- [ABOUT THIS EXERCISE]:
The answer must consist of each line below that contains the string "Long".

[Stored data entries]

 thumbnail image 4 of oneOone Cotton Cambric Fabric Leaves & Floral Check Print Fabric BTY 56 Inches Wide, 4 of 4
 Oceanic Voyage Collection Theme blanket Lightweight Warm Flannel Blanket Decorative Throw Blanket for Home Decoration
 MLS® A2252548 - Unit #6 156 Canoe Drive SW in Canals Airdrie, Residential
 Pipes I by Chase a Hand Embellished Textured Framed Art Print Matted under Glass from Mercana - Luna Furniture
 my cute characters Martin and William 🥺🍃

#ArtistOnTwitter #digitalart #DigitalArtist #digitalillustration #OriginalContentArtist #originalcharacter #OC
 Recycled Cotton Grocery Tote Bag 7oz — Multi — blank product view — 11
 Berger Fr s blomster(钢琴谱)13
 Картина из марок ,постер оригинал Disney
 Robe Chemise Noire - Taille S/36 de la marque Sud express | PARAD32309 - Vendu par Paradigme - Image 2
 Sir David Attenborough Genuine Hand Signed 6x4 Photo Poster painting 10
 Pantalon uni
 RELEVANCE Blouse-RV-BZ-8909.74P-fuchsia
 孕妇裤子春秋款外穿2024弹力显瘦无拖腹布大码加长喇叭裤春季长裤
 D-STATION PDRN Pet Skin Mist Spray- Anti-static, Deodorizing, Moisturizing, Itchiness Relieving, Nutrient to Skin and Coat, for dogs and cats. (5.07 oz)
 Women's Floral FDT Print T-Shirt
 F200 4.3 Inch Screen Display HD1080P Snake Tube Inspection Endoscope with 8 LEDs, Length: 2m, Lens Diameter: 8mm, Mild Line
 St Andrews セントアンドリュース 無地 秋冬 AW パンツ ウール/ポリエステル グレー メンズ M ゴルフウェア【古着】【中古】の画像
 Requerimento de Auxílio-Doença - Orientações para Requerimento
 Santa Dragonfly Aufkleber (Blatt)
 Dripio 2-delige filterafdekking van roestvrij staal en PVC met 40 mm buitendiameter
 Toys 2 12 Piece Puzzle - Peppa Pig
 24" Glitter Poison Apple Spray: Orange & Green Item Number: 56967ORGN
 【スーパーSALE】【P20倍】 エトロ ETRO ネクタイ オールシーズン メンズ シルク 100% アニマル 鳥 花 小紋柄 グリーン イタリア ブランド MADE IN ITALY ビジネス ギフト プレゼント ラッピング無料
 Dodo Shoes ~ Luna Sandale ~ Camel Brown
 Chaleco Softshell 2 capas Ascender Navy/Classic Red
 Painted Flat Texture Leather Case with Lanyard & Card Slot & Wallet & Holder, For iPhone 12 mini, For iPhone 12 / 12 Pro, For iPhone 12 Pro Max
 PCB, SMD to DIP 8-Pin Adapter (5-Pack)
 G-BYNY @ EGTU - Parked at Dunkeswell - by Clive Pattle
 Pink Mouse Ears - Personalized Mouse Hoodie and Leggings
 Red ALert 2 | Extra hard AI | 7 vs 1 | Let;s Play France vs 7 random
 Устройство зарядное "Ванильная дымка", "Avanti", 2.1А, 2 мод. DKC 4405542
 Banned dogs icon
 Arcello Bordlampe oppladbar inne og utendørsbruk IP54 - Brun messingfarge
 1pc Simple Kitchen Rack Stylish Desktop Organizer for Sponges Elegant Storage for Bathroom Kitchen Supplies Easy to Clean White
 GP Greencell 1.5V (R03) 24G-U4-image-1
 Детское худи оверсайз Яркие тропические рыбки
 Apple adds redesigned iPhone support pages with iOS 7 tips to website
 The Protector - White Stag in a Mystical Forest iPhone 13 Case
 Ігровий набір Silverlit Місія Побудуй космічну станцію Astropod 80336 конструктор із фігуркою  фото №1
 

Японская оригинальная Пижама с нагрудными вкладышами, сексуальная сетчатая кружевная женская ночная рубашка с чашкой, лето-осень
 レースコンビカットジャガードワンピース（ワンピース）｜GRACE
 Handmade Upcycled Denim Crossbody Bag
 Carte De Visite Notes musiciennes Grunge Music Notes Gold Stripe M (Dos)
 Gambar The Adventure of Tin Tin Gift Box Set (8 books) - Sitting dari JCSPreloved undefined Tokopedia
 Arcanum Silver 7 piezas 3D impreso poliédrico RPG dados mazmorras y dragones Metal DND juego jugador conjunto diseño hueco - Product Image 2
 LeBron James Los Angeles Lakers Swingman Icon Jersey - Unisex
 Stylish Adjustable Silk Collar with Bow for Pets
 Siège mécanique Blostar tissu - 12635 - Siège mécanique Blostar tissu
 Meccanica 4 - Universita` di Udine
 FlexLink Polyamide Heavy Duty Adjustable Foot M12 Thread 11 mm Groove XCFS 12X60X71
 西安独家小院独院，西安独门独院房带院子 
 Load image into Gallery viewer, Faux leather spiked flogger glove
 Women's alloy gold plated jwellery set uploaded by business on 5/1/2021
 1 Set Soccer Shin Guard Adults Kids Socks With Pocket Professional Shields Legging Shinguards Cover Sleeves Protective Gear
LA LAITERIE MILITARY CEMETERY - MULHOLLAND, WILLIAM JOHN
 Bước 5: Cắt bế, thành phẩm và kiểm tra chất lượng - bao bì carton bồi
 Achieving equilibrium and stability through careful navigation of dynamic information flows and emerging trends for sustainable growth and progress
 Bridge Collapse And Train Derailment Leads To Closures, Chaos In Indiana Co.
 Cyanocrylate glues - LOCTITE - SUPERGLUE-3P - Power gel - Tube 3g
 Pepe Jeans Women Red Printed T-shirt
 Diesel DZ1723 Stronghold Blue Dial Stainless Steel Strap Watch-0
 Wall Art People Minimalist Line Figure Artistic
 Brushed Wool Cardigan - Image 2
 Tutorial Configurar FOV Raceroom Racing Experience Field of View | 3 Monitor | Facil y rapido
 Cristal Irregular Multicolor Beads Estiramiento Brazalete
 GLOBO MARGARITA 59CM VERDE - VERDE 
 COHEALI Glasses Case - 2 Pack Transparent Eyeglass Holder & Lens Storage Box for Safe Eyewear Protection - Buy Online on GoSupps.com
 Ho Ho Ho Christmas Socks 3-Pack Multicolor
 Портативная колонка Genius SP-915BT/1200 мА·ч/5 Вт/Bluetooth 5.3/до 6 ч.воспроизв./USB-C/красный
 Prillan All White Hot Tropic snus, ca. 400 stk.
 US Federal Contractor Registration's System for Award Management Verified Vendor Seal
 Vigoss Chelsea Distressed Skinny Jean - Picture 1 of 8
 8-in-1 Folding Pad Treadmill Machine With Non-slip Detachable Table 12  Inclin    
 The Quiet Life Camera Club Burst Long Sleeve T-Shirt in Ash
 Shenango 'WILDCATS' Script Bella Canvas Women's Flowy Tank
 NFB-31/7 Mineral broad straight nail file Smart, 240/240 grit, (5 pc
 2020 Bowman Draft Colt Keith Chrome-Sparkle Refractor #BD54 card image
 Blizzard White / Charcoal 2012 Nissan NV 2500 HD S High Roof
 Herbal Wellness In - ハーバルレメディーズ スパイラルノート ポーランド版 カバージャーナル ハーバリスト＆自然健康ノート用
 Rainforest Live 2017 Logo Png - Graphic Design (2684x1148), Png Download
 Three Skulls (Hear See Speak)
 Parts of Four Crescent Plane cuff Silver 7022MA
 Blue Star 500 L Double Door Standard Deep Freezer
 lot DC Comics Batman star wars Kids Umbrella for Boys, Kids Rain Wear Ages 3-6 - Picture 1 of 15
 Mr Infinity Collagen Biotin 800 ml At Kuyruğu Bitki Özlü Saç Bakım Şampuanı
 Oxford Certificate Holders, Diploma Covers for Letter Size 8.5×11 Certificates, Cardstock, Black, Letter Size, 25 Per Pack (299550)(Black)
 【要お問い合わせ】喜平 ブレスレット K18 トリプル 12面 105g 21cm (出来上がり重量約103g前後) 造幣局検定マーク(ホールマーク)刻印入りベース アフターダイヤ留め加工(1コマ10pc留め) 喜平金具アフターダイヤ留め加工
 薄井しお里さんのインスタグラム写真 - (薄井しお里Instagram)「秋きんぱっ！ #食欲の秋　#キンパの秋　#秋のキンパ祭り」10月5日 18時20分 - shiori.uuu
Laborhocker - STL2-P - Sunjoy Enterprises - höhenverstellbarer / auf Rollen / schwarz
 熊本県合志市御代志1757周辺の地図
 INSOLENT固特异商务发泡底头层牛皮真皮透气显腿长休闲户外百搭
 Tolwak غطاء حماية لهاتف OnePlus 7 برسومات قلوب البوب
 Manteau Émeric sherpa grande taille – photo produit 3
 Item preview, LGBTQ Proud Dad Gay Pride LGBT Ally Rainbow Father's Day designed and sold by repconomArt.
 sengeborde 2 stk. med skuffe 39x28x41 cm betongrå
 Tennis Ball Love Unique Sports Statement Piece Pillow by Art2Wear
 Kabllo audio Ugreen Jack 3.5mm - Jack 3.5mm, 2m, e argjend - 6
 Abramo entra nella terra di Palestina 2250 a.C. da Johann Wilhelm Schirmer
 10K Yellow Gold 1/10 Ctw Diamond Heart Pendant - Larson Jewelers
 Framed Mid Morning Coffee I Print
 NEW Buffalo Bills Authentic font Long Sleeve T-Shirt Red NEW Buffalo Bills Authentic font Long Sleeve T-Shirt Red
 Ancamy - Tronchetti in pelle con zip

- [OUTPUT FOR THIS TASK]:
 The Quiet Life Camera Club Burst Long Sleeve T-Shirt in Ash
 NEW Buffalo Bills Authentic font Long Sleeve T-Shirt Red NEW Buffalo Bills Authentic font Long Sleeve T-Shirt Red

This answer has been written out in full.